# Asked to prove associativity and find that a certain element was identity but I proved the opposite

Subset G = [8][4][2][10] mod 12 and binary operation $$ab=-ab-3a-3b$$

I constructed a cayley table but I don't know how to format on this so I'll just type out each line of the 4X4 table:

4 8 10 2

8 4 2 10

10 2 4 8

2 10 8 4

From this I found the identity element to be 4, but the question asks to prove that it is 8.

When I worked out a*(b*c) and (a * b)*c after all the cancelling I got a =? c, thus not associative but Q asked me to prove associativity.

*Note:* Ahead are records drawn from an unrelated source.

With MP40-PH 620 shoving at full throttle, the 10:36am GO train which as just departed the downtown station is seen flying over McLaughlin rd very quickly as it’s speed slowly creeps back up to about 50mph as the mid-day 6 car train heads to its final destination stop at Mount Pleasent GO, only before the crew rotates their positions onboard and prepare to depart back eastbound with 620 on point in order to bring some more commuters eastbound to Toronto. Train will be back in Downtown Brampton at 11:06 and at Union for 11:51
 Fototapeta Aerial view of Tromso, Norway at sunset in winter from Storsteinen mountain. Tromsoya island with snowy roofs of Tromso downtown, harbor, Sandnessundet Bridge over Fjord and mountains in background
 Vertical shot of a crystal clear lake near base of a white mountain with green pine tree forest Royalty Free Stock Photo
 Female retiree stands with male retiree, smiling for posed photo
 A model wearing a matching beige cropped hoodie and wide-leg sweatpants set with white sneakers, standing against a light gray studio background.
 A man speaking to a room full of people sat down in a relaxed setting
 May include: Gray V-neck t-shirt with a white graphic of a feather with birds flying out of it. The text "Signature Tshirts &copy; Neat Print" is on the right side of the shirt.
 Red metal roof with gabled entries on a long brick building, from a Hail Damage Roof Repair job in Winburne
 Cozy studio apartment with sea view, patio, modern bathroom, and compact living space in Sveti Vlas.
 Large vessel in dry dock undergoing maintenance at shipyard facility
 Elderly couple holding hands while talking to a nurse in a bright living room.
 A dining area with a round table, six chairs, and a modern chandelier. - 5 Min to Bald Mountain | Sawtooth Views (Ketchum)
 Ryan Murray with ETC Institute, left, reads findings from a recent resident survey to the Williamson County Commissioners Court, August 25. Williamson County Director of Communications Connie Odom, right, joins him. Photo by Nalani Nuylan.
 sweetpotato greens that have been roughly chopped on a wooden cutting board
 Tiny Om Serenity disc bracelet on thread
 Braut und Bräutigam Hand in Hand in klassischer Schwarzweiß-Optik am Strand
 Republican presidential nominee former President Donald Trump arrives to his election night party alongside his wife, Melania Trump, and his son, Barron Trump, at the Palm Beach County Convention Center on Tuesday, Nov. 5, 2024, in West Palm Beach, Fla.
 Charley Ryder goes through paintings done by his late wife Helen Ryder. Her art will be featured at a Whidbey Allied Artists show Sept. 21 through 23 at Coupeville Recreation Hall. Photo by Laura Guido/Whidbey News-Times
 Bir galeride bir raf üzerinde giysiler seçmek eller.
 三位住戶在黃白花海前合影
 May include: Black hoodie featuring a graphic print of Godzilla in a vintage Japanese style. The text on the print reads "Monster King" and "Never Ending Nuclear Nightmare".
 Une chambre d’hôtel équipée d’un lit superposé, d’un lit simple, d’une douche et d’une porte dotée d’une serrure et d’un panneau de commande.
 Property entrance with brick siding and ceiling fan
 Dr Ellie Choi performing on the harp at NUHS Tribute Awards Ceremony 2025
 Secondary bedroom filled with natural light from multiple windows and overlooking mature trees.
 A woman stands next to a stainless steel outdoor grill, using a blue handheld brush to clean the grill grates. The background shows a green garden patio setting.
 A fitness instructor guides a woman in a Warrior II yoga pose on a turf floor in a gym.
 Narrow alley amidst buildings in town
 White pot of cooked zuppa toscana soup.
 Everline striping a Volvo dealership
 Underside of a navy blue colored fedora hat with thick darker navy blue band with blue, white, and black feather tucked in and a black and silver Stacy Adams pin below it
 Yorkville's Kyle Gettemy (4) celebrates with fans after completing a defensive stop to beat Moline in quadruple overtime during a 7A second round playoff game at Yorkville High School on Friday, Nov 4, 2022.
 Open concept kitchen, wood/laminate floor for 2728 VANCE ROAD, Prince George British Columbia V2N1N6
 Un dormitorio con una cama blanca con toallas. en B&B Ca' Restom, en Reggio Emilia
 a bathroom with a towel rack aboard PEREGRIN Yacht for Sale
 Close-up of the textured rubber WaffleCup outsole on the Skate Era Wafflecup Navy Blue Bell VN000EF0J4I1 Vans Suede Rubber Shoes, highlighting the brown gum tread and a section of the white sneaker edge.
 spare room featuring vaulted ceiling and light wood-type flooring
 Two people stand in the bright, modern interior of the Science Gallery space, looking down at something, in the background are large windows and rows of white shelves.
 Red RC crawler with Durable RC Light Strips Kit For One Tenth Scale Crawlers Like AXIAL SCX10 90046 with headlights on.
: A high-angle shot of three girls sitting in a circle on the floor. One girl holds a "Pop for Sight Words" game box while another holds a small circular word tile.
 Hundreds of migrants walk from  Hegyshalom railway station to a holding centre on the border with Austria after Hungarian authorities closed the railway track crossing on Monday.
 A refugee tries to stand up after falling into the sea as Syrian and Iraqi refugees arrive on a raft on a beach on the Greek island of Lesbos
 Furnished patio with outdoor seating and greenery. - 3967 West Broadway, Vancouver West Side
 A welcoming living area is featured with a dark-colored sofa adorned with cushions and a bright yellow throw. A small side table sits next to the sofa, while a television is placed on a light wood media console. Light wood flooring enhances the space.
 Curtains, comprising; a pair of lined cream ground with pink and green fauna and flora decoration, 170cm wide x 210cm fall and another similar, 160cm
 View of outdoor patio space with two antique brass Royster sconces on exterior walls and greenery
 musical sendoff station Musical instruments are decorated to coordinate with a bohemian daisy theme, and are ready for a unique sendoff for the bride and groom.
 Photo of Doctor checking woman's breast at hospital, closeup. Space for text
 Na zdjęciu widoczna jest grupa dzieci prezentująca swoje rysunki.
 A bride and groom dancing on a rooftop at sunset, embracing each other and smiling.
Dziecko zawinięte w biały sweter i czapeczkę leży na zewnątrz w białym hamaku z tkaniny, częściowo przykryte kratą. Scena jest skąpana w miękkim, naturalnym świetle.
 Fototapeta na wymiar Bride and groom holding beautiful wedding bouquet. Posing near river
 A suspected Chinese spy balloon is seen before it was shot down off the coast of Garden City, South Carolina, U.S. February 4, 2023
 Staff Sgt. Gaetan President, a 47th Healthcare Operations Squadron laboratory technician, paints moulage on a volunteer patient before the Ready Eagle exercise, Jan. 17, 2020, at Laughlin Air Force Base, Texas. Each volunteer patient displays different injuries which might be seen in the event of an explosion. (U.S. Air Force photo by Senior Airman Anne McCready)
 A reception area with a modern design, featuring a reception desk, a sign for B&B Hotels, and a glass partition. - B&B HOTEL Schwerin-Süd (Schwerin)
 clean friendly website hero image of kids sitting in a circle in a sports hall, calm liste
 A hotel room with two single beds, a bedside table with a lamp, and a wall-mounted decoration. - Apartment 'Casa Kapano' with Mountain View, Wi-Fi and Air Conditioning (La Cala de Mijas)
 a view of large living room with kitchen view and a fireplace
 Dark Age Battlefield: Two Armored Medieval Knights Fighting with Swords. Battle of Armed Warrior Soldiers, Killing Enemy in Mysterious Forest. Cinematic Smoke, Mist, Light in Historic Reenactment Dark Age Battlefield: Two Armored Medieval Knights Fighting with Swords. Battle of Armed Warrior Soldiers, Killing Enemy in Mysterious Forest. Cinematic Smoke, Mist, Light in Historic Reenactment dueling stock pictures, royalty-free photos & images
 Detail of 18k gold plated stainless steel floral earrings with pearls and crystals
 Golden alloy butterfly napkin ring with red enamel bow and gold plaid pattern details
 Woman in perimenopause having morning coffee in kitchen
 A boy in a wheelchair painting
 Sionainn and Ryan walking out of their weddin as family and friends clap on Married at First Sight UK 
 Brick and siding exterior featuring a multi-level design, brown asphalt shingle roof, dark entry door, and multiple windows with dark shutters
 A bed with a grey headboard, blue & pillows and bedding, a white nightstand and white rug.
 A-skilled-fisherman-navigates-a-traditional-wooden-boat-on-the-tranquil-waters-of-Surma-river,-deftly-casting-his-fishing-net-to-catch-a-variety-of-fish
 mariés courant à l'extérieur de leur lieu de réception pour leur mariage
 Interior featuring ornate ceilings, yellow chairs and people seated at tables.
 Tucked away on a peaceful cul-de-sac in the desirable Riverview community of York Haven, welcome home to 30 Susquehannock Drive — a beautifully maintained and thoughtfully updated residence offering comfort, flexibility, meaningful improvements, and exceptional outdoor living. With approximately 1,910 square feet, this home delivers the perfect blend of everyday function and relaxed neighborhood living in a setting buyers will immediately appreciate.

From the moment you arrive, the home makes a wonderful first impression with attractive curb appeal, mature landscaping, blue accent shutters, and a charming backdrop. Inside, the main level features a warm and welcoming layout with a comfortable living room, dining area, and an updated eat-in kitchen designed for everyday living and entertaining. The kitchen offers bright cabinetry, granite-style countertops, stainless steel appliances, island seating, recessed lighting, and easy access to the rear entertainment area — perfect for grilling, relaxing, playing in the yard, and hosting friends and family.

Any help would be greatly appreciated

(a*b) * c =? a * (b*c)

(-(ab+3a+3b)) *c =? a * (-(bc+3b+3c))

-c(-(ab+3a+3b)) -3(-(ab+3a+3b))-3c =? -a(-(bc+3b+3c))-3a-3(-(bc+3b+3c))

abc+3ac+3bc+3ab+9a+9b-3c =? abc+3ab+3ac-3a+3bc+9b+9c

12a=?12c

a =/= c

• $[4]$ can’t the identity element: $[4]*[4]=[8]$, and $[4]*[8]=[4]$. Are you sure that you’re using the $*$ operation and not the usual multiplication mod $12$? – Brian M. Scott May 20 '20 at 15:16
• That was my bad cause the formatting is poor, but I have [4]*[4]=[4] and [4]*[8]=[8]. I only have the answers in my cayley table and not the "headings" at the side and top (order of which is 8 4 2 10) – Galbotrix May 20 '20 at 15:40
• That looks like you’re using ordinary multiplication mod $12$. You need to use the $*$ operation. For instance, $$[4]*[8]=-[4][8]-3[4]-3[8]=-[8]-[0]-[0]=[4]\;.$$ – Brian M. Scott May 20 '20 at 15:42
• Looking at your working out and @zipirovich working I now realise I forgot to include the minus sign when working out the mod so I got the wrong answers, thanks a lot :). I'm still struggling on the associativity if you have the time to look at it, it cancels down to a = c for me – Galbotrix May 20 '20 at 15:48
• It may be better if you type up your work, i.e. show to us how you simplified $a*(b*c)$ and how you simplified $(a*b)*c$. Chances are there are some arithmetical mistakes or even accidental typos (something that occasionally happens to everyone). So if you show your work, we can find what went wrong. – zipirovich May 20 '20 at 15:53

For associativity we have

\begin{align*} (a*b)*c&=(-ab-3a-3b)*c\\ &=-(-abc-3ac-3bc)-3(-ab-3a-3b)-3c\\ &=abc+3ac+3bc+3ab+9a+9b-3c \end{align*}

and

\begin{align*} a*(b*c)&=a*(-bc-3b-3c)\\ &=-(-abc-3ab-3ac)-3a-(-3bc-9b-9c)\\ &=abc+3ab+3ac-3a+3bc+9b+9c\;, \end{align*}

so after cancelling identical terms we have

\begin{align*} (a*b)*c-a*(b*c)&=(9a-3c)-(9c-3a)\\ &=12a-12c\\ &=12(a-c)\\ &=0\;, \end{align*}

since $$[12]=[0]$$.

• I see what you mean now in your comment about X12=X0 now, thanks a lot for that bit, I was getting annoyed at myself for not even being able to do the associativity – Galbotrix May 20 '20 at 16:13
• @Galbotrix: You’re welcome. – Brian M. Scott May 20 '20 at 16:14

Apparently, you need to recheck and redo your calculations. For example, $$[8]*[8]=-[8]\cdot[8]-3\cdot[8]-3\cdot[8]=-[64]-[24]-[24]=[-112]=[8],$$ because $$-112\equiv8\pmod{12}$$, but your table shows $$4$$ in that place.